Big Data – How marketers can get their feet wet by building a marketing data lake

I admit it: I’m a recovering Marketing Mathematician.

Take, for example, this funnel of marketing activity and how it calculates items from website visitors all the way to customer acquisition.

Conversion funnel divided into three parts - Discover, Contact, Choose with metrics on the right side

This is a pretty straightforward formula: if we know to get 1,500 visitors to our corporate website, the next three stages will happen at those conversion rates, and we’ll get four customers. So surely, this must be correct:

Conversion funnel divided into three parts - Discover, Contact, Choose with metrics on the right side with twice the number of people in each stage

Flawless logic, right? We won’t question how traffic doubled or why we have a 5% contact rate, but if we double the traffic numbers, we’ll double the customers.

This sort of mistaken calculation is something I like to call Marketing Math. Rather than deal with the real-world complexities of the customer journey, the surface measurements that can be taken are worked into a formula that somehow spits out customers at the end of the equation.

I know I’m not the only person who has sat in an executive meeting with this marketing math—and the discontent that happens when those numbers inevitably don’t match up with reality. Several years ago, I was in a meeting where the CEO used this work-backwards-from-revenue formula to calculate that in order to make revenue goals, marketing needed to generate 1 million leads in the next fiscal year.

That was about two-thirds of all leads we’d ever had. We desperately needed the revenue, however. How could we afford to even reach that many people on our budget, since Marketing Math told us we needed to touch 10 people to get one as a lead? How on earth could we find 1 million new leads in a year?

Here’s the trick: we met—and exceeded—that revenue goal not by worrying about how many leads we generated, but looking at how to get higher-quality leads and modeling the behaviors and patterns we found to understand what the actual customer journey was, not just what KPIs fit inside our formula.

You too can revolutionize the way you look at your customer journey—and avoid the pitfall of Marketing Math—by taking data about your customer from all points of their journey and tying them together to create a cohesive narrative. The trick to doing this effectively is to do this analysis at scale, and the best way you can do that is with a marketing data lake.

What is a Data Lake?

Simply put, a data lake is a collection of structured, semi-structured or unstructured data that is stored together, but set up in a way that it can be compared to other data points. They’re quite unlike a data warehouse, which requires IT setup, a formal data structure, and are somewhat limited in the questions they can answer.

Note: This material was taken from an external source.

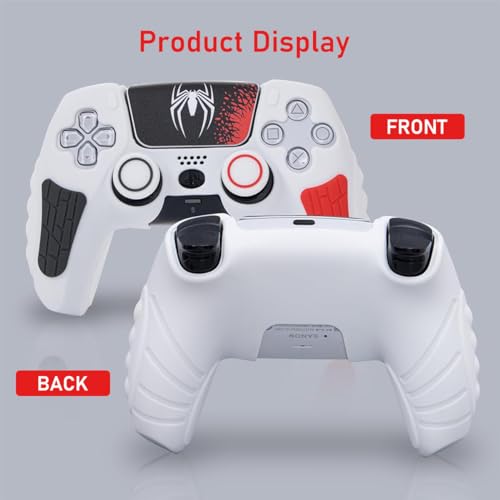 Verilux® PS5 Controller Silicone Cover Case Combo, Anti-Slip Sweat Proof Skin for PS5 DualSense, with 2 Thumb Grip Caps, Joystick Protectors & Touchpad Sticker, Protective Wrap for Gaming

With a data warehouse, data is gathered from various sources. It gets filtered, cleaned and organized into one schema; then analysis is done directly on the curated warehouse dataWith a data lake, we take all our data sources and put them together in their raw formats and then search, select and organize the data as we need each time

When you mention data lakes (or big data in general!) to some marketers, you’ll see their eyes glaze over—IT structure? Math? Handling data? However, if you can understand VLOOKUP in Excel, you can understand big data.

Aligning several Excel spreadsheet using VLOOKUP is the basics of a Marketing data lake

The idea is simply to do this sort of spreadsheet comparison at scale with raw data:

Change the source from Excel to Cloud Sources and store the result back to a Cloud is the data lake

Still a bit confusing? Don’t worry, we will dive into the concept of data lakes in more detail in future posts.

From Baby Steps to Big Data

If you’ve been reading our blog, we’ve been setting up the steps along the way to big data:

  1. Define your data model to know what data you should collect, what rules should be setup for capturing this data, and the intelligence you need the data to support. (Seems overwhelming? Read Change Agents: the Radical Role of Tomorrow’s CMO to get up to speed.)
  2. Implement data hygiene best practices whenever you’re working with any database marketing touches, like Marketo or Salesforce.
  3. Apply the tagging and schema you need to standardize your marketing efforts and have them make sense across your platform (whether that’s Google Analytics or your marketing automation platform.)
  4. Provide data that links your different sources together, such as having your CRM ID inside your marketing automation platform or integrating platforms like Google Analytics and Marketo.

From here, it’s a matter of getting creative with the datasets you have to query and pull the answers you need out of your data lake. To go back to the 1 million leads example, one of the insights we quickly uncovered was realizing putting value-add content on pages with forms actually attracted the wrong type of leads compared to those who went to pages with just a form and no valuable content.

How would we recreate that finding with a data lake? By connecting Google Analytics, Marketo and Salesforce together! You would do a query that translates to:

Show me records with or without closed won opportunities where the person filled out a form on our site and which Google Analytics experiment they saw when they filled it out.

By having clean data and systems talking to each other, you’re able to see the answer to this at scale: when looking at thousands of form fillouts, the content-added page had a higher form conversion rate than the plain page, but those who viewed the plain page were more than three times likely to become a customer. It turns out the type of people who like to get to the point are also the type who bought that product. That insight was used to inform other experiments and tweaks that were then measured the same way.

Marketing Math would have said the original page was driving more contacts and customers. Marketing Data says otherwise. Data lakes make these kinds of questions solvable—and scale to other cross-platform questions, like:

  • Once an opportunity is opened, what web activity is seen from members on an account who aren’t contact roles on the opportunity? What patterns of traffic correlate to stages and aging?
  • What common activity patterns do we see recorded in the marketing automation platform that indicates someone is likely to buy—or are stuck at a certain stage in the pipeline? Can we use this data to proactively help future buyers or stalled opportunities?
  • What web traffic, events and activities happen before someone becomes known to your system—and how long does that process take?

Questions like this get to the heart of understanding a 360˚ view of your customer and allows you to make intelligent choices in your marketing, sales and service strategies.